- What this task involves
Each entry that follows is to be duplicated exactly, without its images.
Supplied entries START
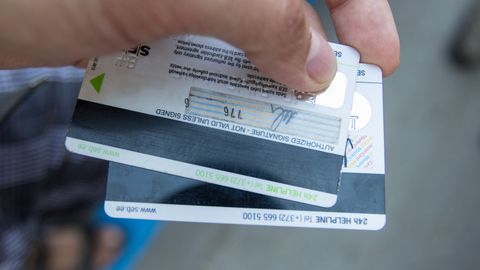 Naine loovutas kelmidele enda ja elukaaslase pangakaardid
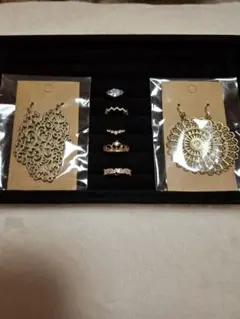 新品未使用　ピアス&リング♥️　　　　　　　7個まとめ売り♥️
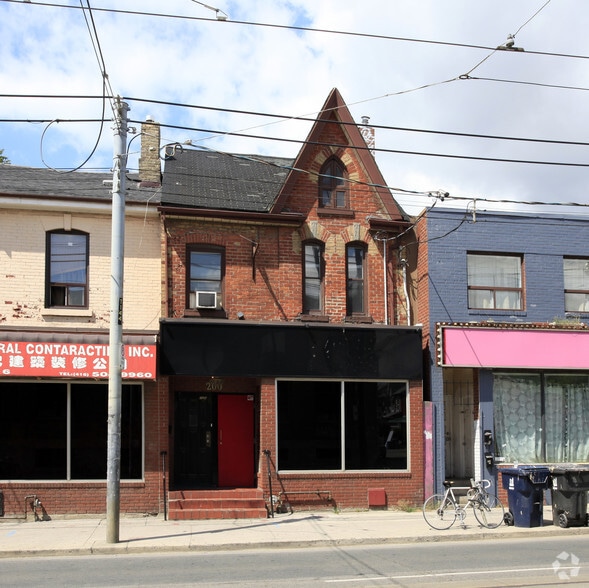200 Bathurst St, Toronto, ON for lease - Building Photo - Image 2 of 2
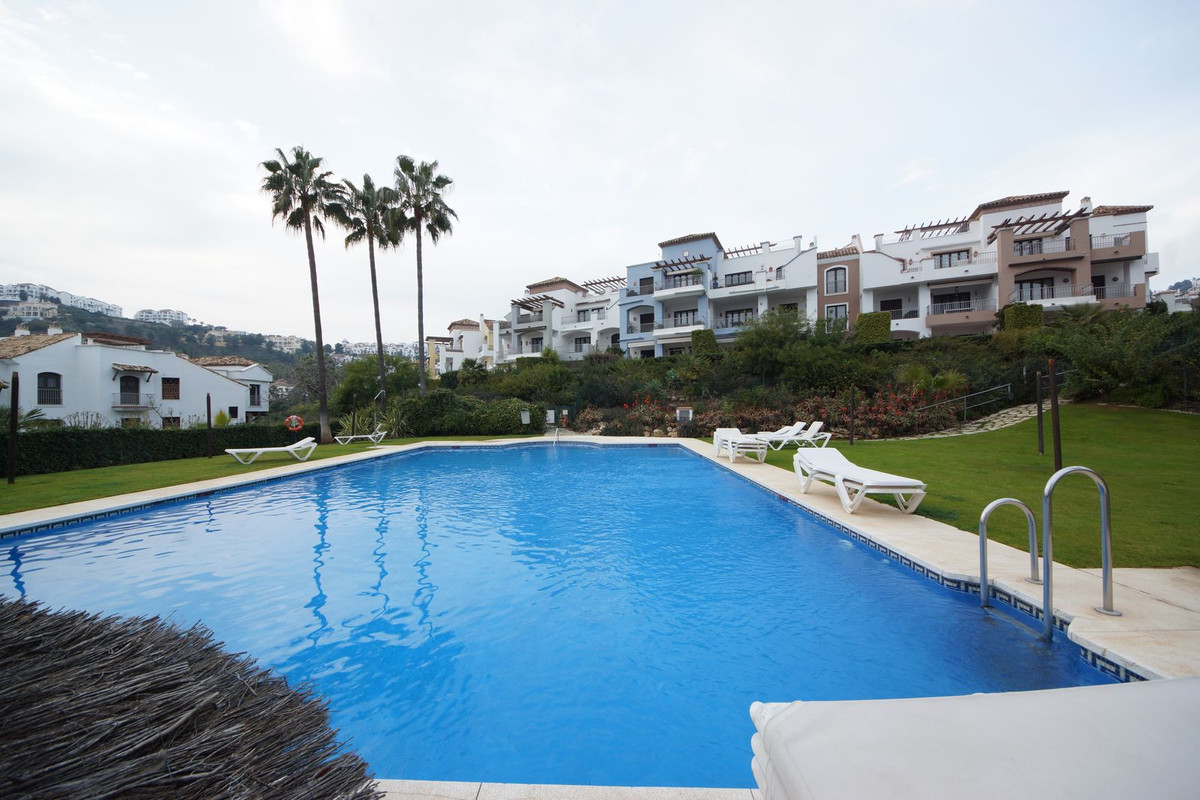 2 Bed Apartment for sale in Los Arqueros Costa Del Sol, Málaga, Spain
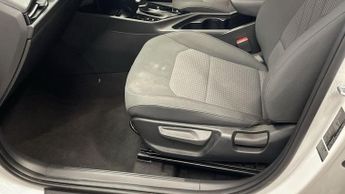 KIA NIRO 1.6h GDi 2 SUV 5dr Petrol Hybrid DCT Euro 6 (s/s) (139 bhp)
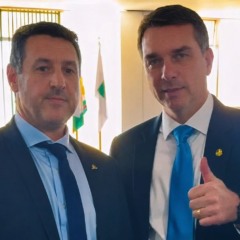 Pr&eacute;-candidato &agrave; presid&ecirc;ncia, Fl&aacute;vio Bolsonaro sinaliza vinda ao Tocantins em encontro com aliado tocantinense
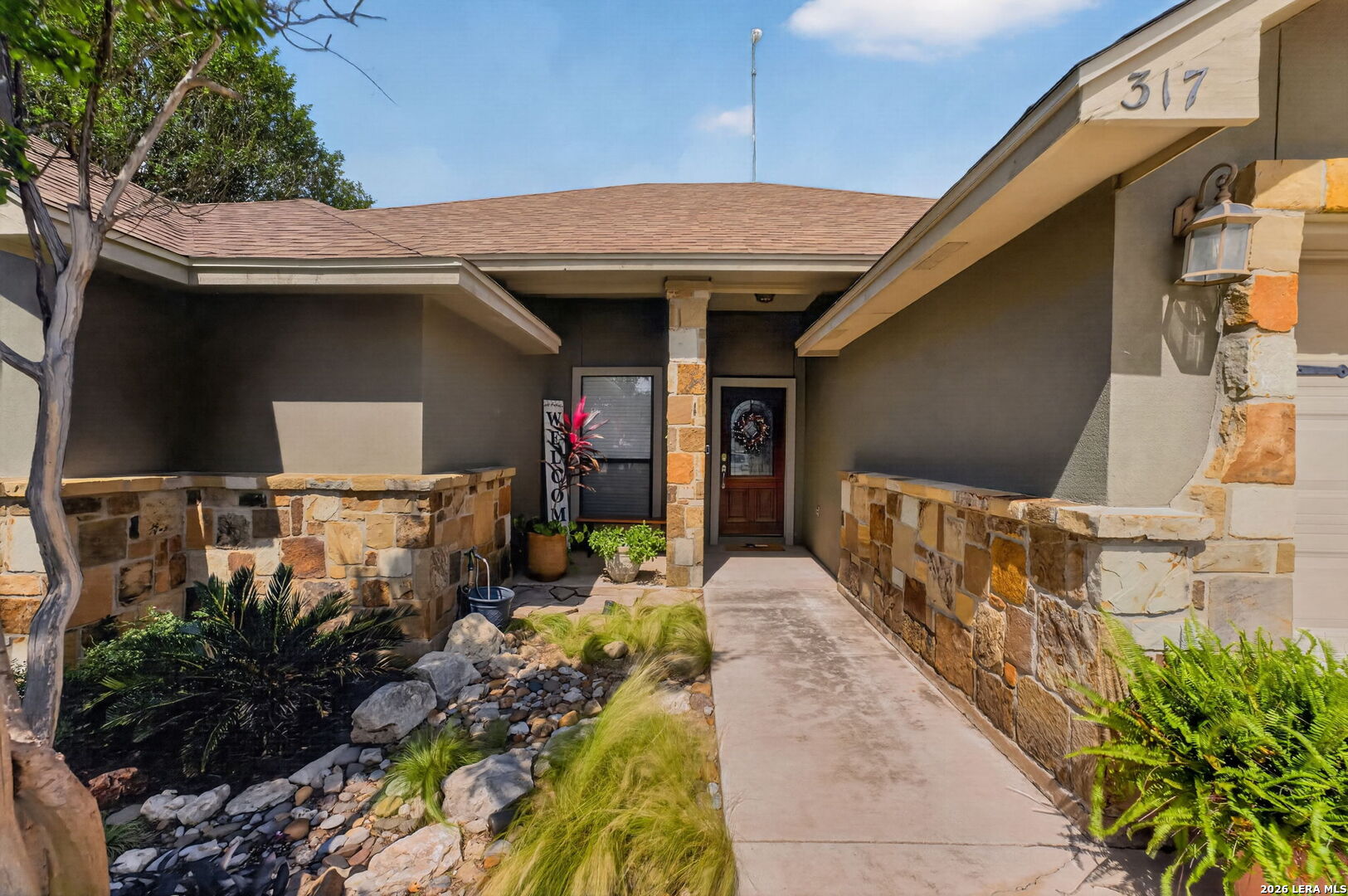 317 Yorktown Pleasanton TX 78064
Supplied entries END
- Task output
 Naine loovutas kelmidele enda ja elukaaslase pangakaardid
 新品未使用　ピアス&リング♥️　　　　　　　7個まとめ売り♥️
200 Bathurst St, Toronto, ON for lease - Building Photo - Image 2 of 2
 2 Bed Apartment for sale in Los Arqueros Costa Del Sol, Málaga, Spain
 KIA NIRO 1.6h GDi 2 SUV 5dr Petrol Hybrid DCT Euro 6 (s/s) (139 bhp)
 Pr&eacute;-candidato &agrave; presid&ecirc;ncia, Fl&aacute;vio Bolsonaro sinaliza vinda ao Tocantins em encontro com aliado tocantinense
 317 Yorktown Pleasanton TX 78064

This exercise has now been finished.